Network Programming for Microsoft Windows – Jones & Ohlund (Review of first edition) – This is a good book for starting to program with networks. The first part of the book covers “Legacy Networking APIs” such as NetBIOS, Named Pipes and Mailslots. In the second part, the book introduces the Winsock APIs and devotes chapters to multicasting, raw sockets, QOS and IO methods. This part also offers information on the Winsock Service Provider Interface which is a topic that has poor coverage on MSDN in my opinion. The book then goes on to cover the Remote Access Service APIs for the third part. All in all, I found this book to be a good resource. My only gripe would be them devoting a whole chapter to Visual Basic’s handling of Winsock. This chapter sticks out like a sore thumb as the rest of the code is in C/C++ - probably more of a political motive than a practical one in my opinion (the book is published by MSPress).
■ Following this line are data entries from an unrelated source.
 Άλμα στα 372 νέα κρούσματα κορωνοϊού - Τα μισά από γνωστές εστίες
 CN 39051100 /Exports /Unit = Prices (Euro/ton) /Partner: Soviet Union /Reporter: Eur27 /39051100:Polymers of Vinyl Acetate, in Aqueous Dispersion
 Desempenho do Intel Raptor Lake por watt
Advanced Windows – Richter (Refers to third edition) – Another must have book for windows. This book picks up from where Petzold left off, but then goes in a more “in-depth” direction. You won’t find any info on nice GUI features as a lot of his code works on dialog apps using “message crackers” to divert message handling – you can tell he wants to work in C++ via MFC, but to allow the book to be more usable, he has to use C. The book concentrates on how windows is setup and how your app works with the system. There are great chapters on processes, virtual memory and threads which give a good idea of how programs operate. The book then goes on to give detailed information on subjects like thread synchronization, memory mapping and structured exception handling. This is all rounded off with a rather exciting chapter on running code in a remote process that ties up a lot of the subjects and gives a hint at what can be done with the info presented. All in all, a great book.
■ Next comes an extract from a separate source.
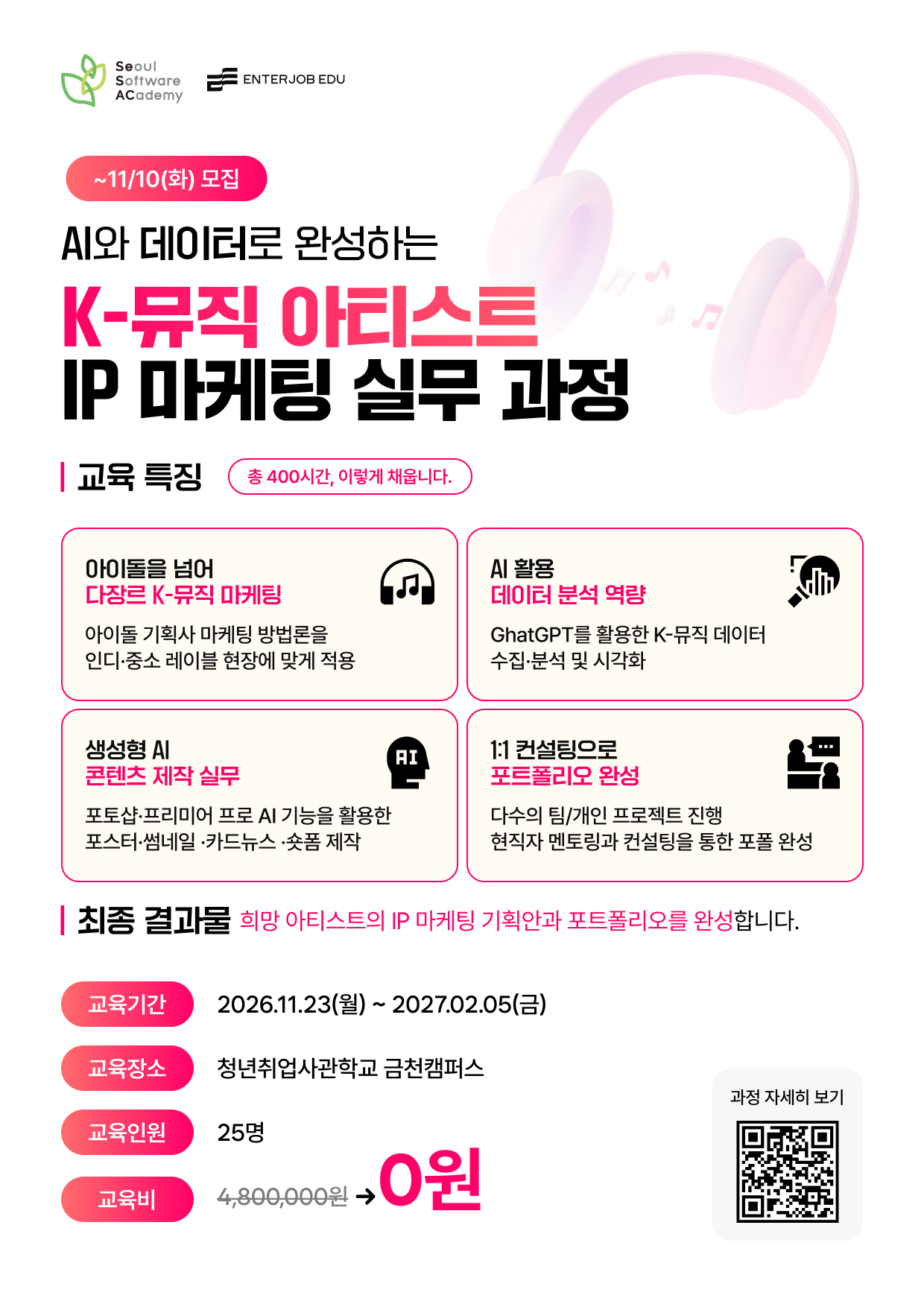 K-뮤직 아티스트 IP 마케팅 실무 과정 모집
Programming Windows with MFC – Prosise (Refers to second edition) – A great tome on Microsoft Foundation Classes. The author seems to be faced with the same problem as Programming Windows in that he has masses of info to try and cram into one book, but as with Petzold he does a fine job. The book devotes the first chapter to describing the MFC framework and the basic parts of a simple MFC application (application object, window object, message mapping and handlers). A good point of the book is that the Appwizard and Classwizard (two VC++ tools for creating MFC programs quickly by producing a lot of the code for you) are not discussed until later in the book, so you have to deal with the code and how it works before you get to the more convenient methods. This book provides good information on all the subjects you would expect from a normal windows programming reference as well as features specific to MFC like its collection classes, serialization abilities and integration with the IDE. Also included are some of the features that make MFC so appealing (apart from its quick code generation) such as its COM and MDI abilities. All in all I would say that this book is as complete as you could expect from a single volume, and a great reference.